▶ [Exercise brief]:
The output must start at the line containing "Fraser Hill Farm" in the records below and stop at the last line, matching each line exactly and leaving out every picture.

########

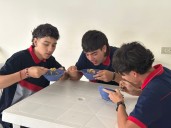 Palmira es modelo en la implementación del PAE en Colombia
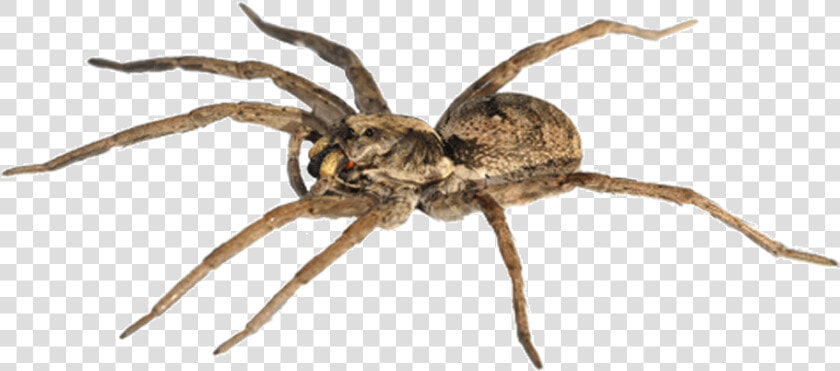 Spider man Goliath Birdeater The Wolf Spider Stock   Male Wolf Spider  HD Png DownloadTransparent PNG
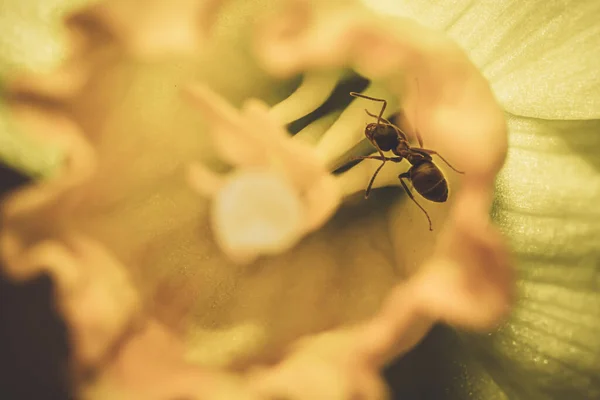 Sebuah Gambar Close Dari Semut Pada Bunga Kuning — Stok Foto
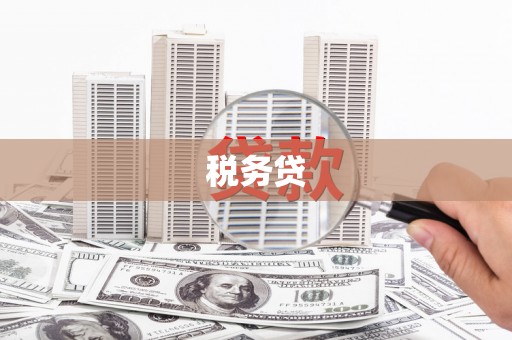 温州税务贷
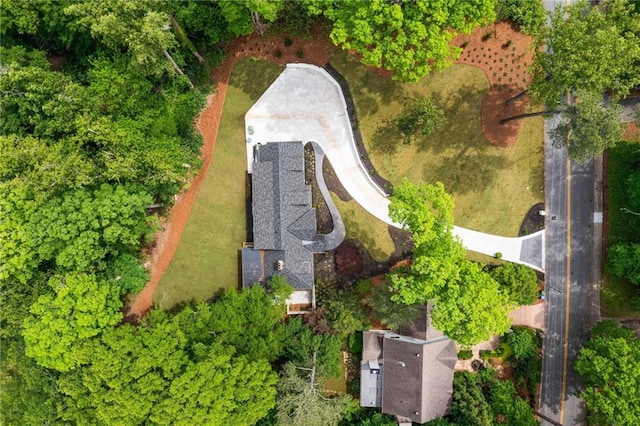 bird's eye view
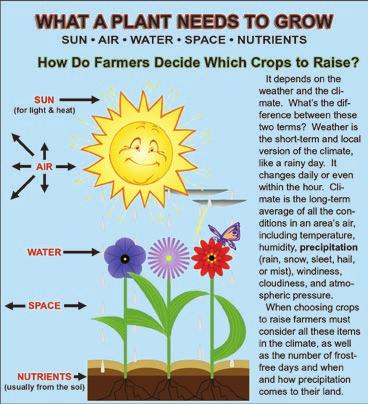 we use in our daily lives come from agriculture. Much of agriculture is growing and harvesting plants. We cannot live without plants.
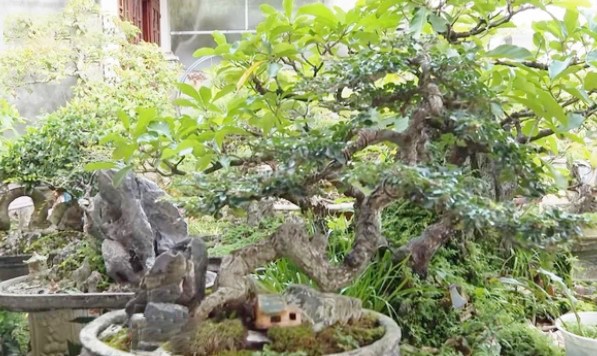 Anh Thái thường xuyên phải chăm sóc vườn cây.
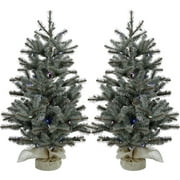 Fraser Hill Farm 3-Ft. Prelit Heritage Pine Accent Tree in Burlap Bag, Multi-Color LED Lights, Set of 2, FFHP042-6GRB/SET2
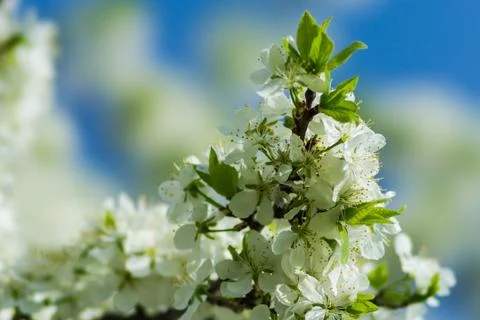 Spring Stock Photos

########

▶ [Result of this exercise]:
 Fraser Hill Farm 3-Ft. Prelit Heritage Pine Accent Tree in Burlap Bag, Multi-Color LED Lights, Set of 2, FFHP042-6GRB/SET2
 Spring Stock Photos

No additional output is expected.